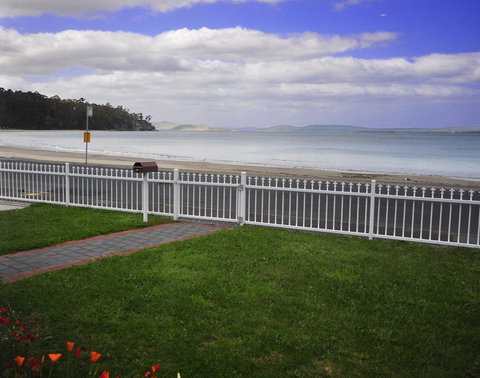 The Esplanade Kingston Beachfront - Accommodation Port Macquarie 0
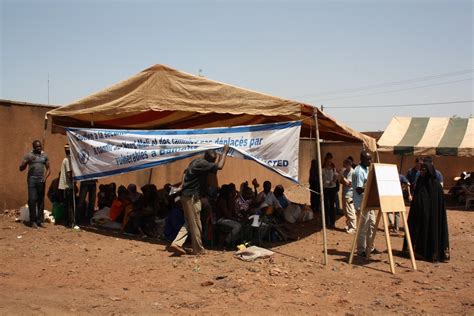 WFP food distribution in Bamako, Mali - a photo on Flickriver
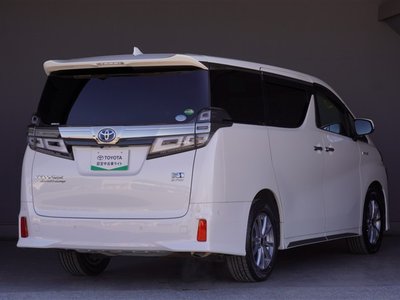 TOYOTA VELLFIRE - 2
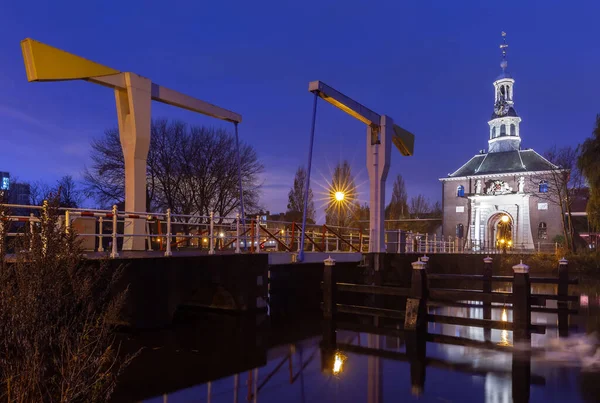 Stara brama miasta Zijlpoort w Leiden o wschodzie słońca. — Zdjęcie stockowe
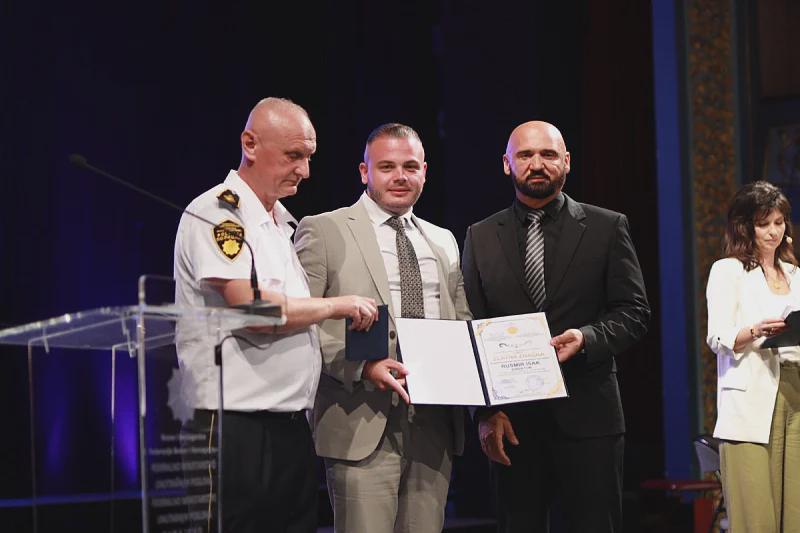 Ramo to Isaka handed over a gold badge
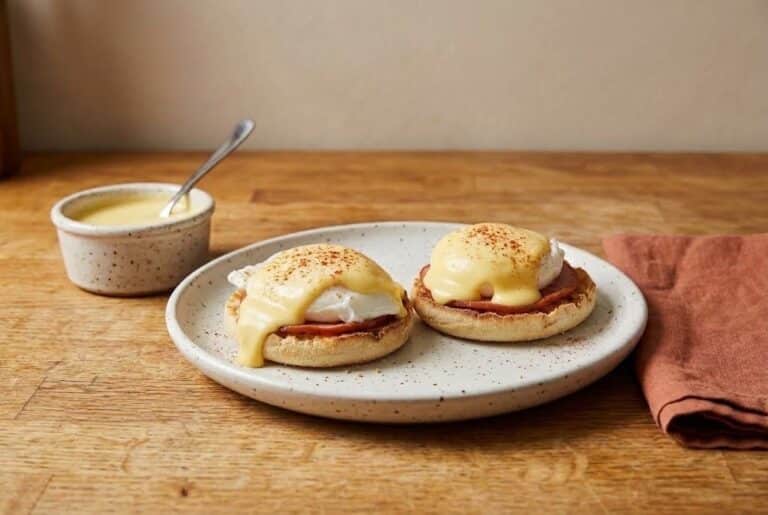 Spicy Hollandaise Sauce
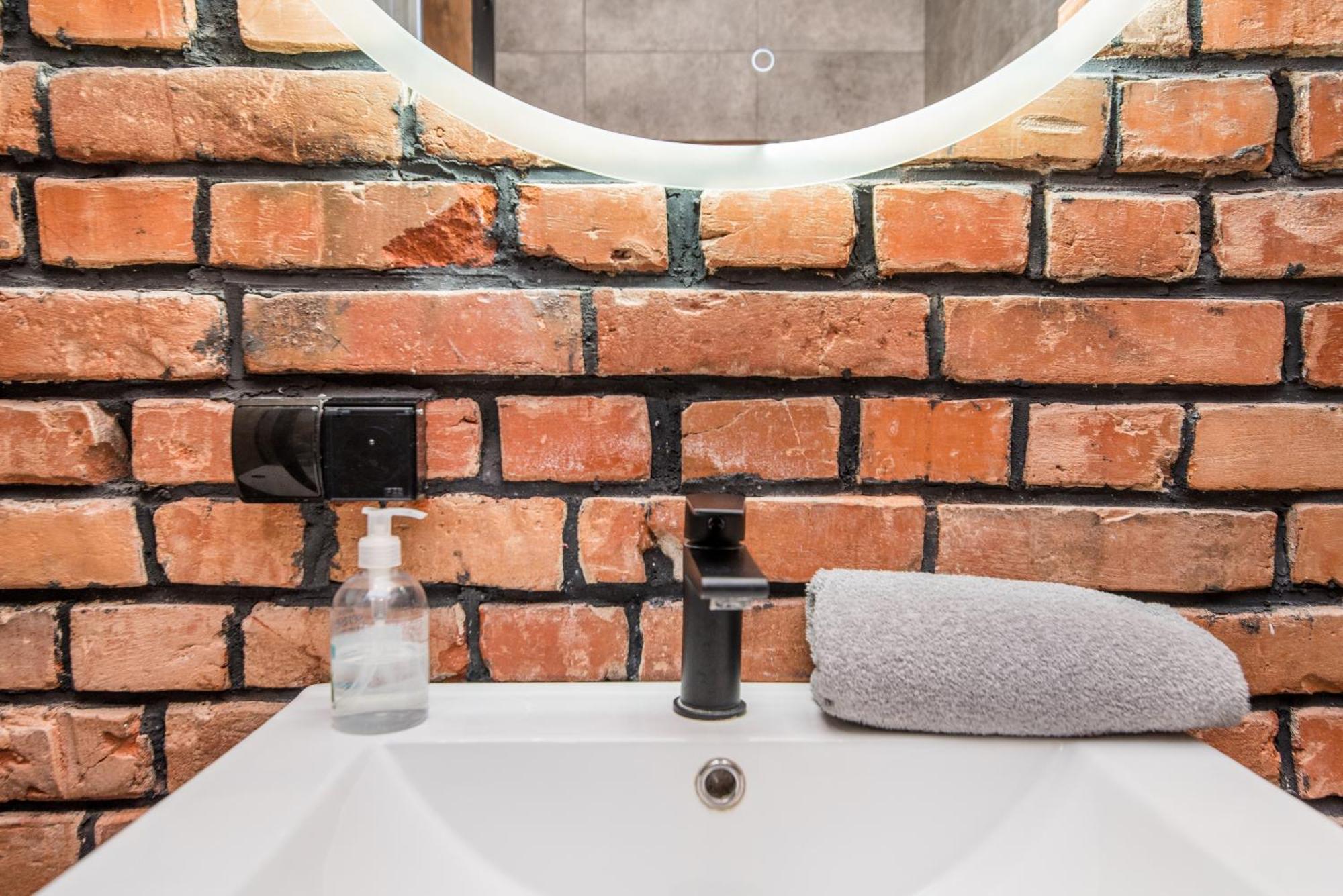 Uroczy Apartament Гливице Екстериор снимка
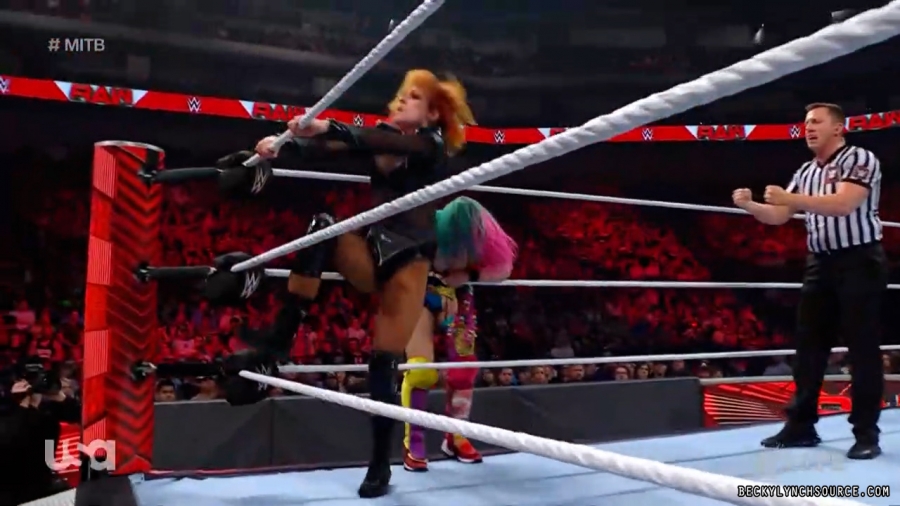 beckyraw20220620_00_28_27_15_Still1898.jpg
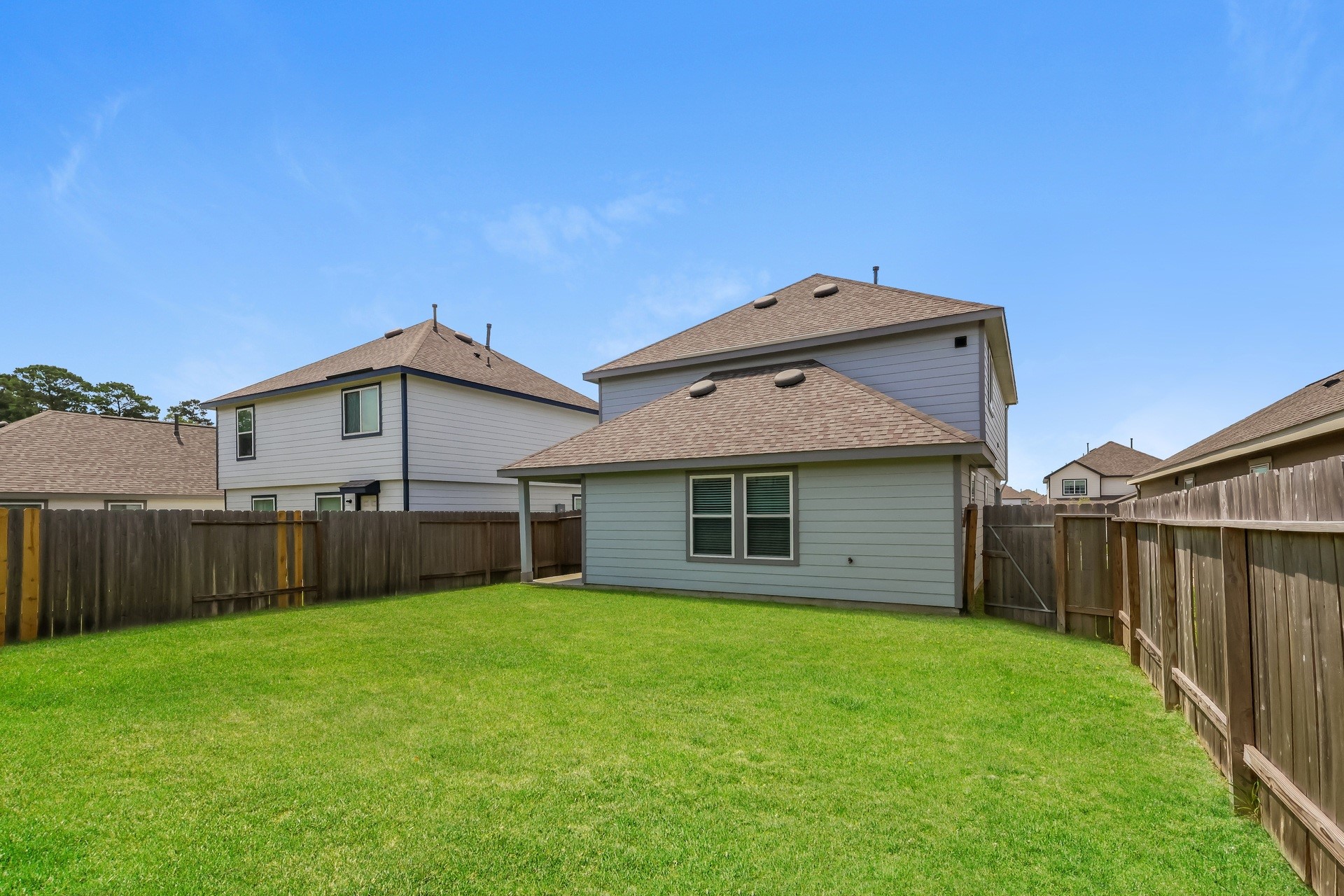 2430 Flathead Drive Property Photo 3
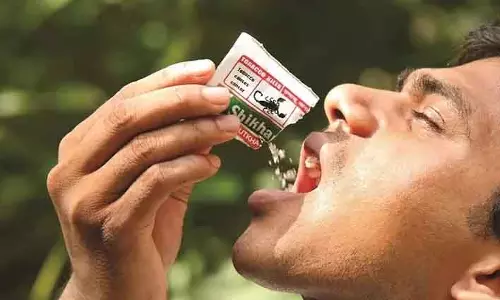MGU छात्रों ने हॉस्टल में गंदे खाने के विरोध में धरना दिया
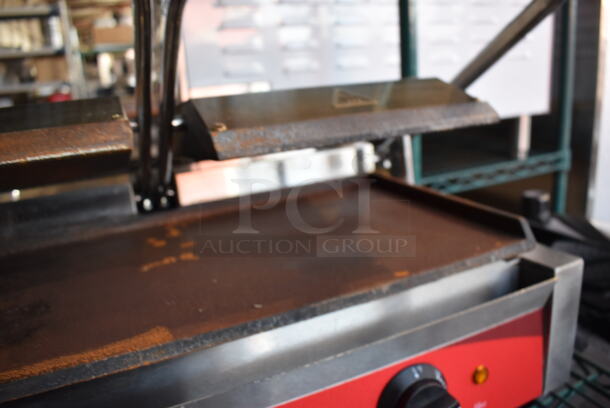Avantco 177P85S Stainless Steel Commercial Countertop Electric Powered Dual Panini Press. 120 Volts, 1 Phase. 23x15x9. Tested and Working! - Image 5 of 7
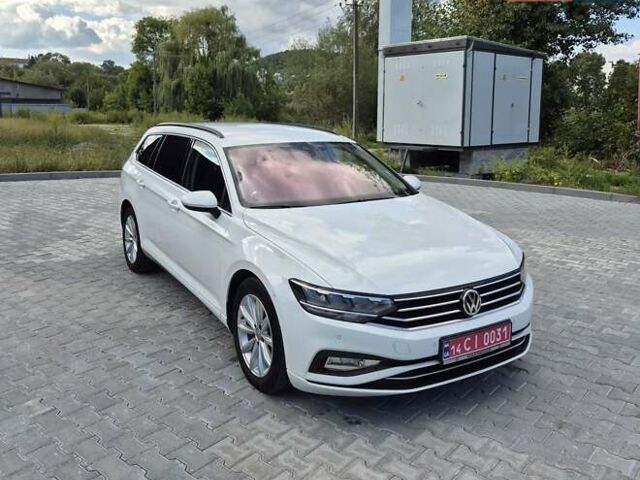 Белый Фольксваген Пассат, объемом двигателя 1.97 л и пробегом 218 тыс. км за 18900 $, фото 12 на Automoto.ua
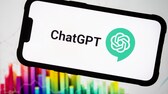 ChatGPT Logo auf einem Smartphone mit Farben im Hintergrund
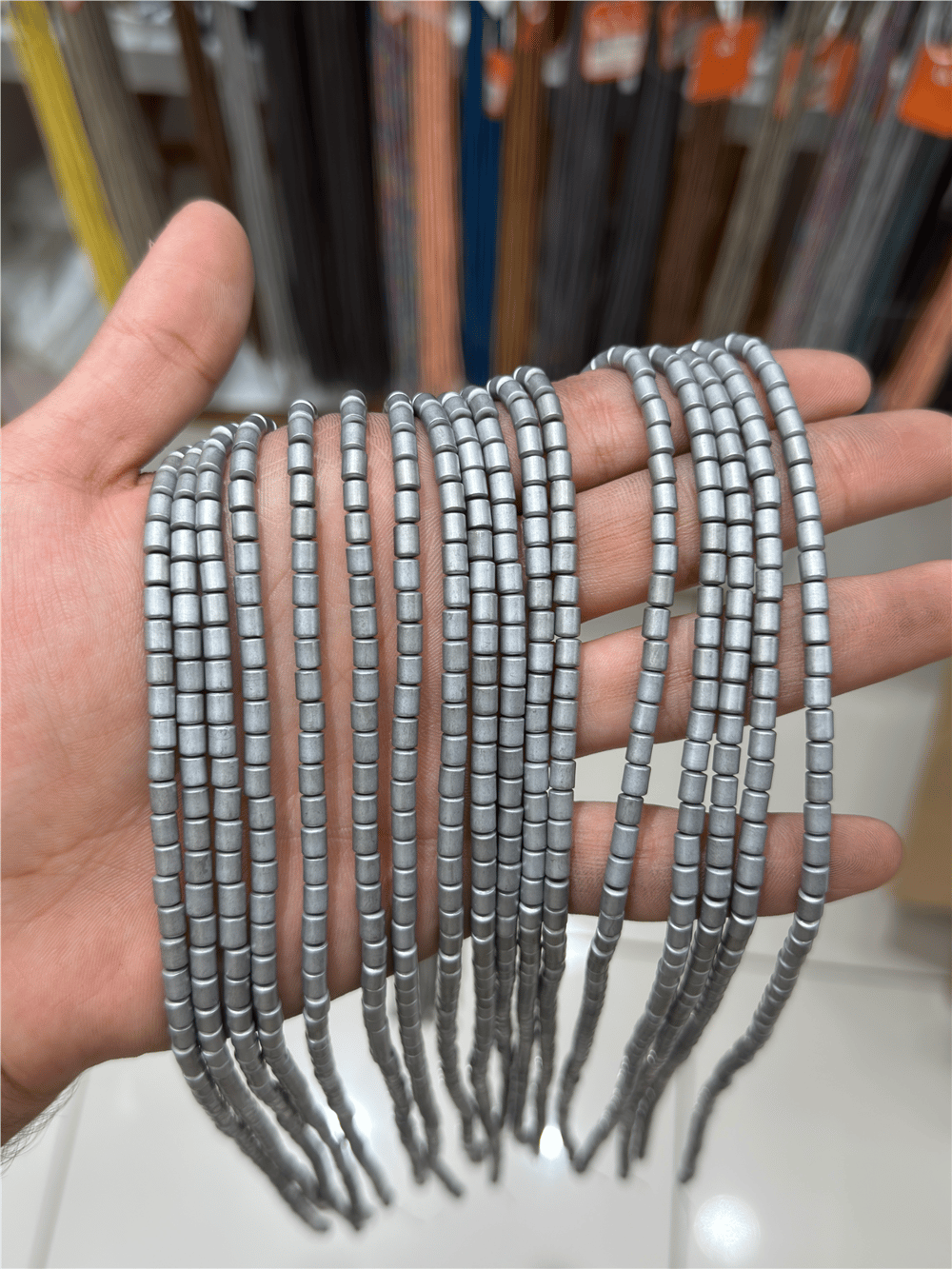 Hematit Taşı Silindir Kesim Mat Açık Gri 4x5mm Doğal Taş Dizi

* [EXERCISE REQUIREMENTS] The required answer is the lines from the one that contains "Uroczy Apartament Гливице Екстериор снимка" through the last line of the records, restated word for word, with every picture dropped.

* [TASK RESPONSE]
 Uroczy Apartament Гливице Екстериор снимка
 beckyraw20220620_00_28_27_15_Still1898.jpg
 2430 Flathead Drive Property Photo 3
MGU छात्रों ने हॉस्टल में गंदे खाने के विरोध में धरना दिया
Avantco 177P85S Stainless Steel Commercial Countertop Electric Powered Dual Panini Press. 120 Volts, 1 Phase. 23x15x9. Tested and Working! - Image 5 of 7
 Белый Фольксваген Пассат, объемом двигателя 1.97 л и пробегом 218 тыс. км за 18900 $, фото 12 на Automoto.ua
 ChatGPT Logo auf einem Smartphone mit Farben im Hintergrund
 Hematit Taşı Silindir Kesim Mat Açık Gri 4x5mm Doğal Taş Dizi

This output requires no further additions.